Encapsulation: Do It Right

Re-examine your current coding practices and ask yourself i you really are encapsulating correctly. Are you truly hiding information, or are you just creating public properties that wrap private fields? Yes, there are times when simple data structures – classes that have nothing more than properties to get and set data – are necessary. However, these are not representative of encapsulation.
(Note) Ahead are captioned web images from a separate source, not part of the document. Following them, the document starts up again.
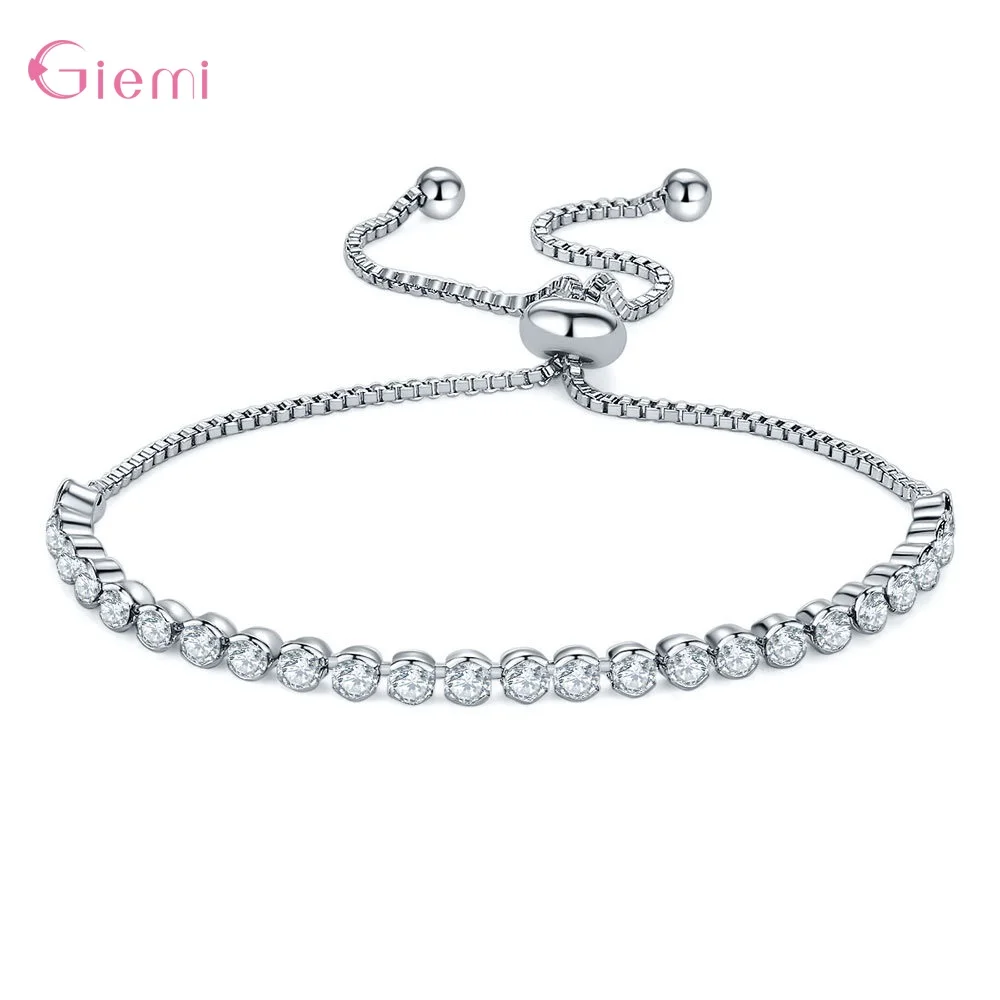 

Luxurious Crystal Bracelet Adjustable Rhinestone Charm Bracelets for Women White AAA Cubic Zircon Bracelets Jewelry Gifts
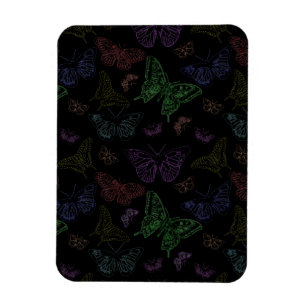 Black & Rainbow Coloured Butterflies Flying Magnet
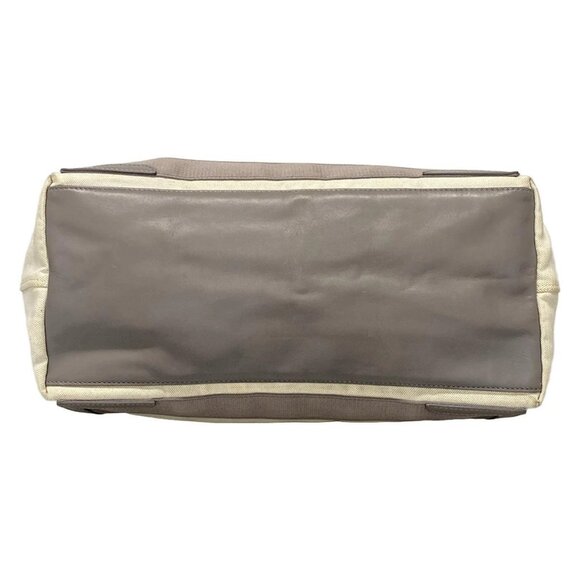 Auth BALENCIAGA Navy Cabas M 339936 White Gray Canvas Leather - Tote Bag - Picture 5 of 16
Encapsulation is a powerful tool. Learn it. Practice it. Apply it to your code, correctly.

 

Reaching For And Moving Beyond Encapsulation

There are many other object oriented principles, as I mentioned previously. Encapsulation is only one piece of writing good object oriented software. There are other principles that need to be applied and accounted for, as well. For example, I’m fond of the SOLID software development principles – not because I think they are the one true way (they aren’t, by the way), but because they provide a simple set of guidelines and stepping stones that help us move our code toward good object oriented design and implementation. There are dozens of other principles that are similar and related to SOLID and I encourage you to find and study all of them. Every principle you learn will help you understand the other principles that you have already encountered and the ones that you have yet to encounter.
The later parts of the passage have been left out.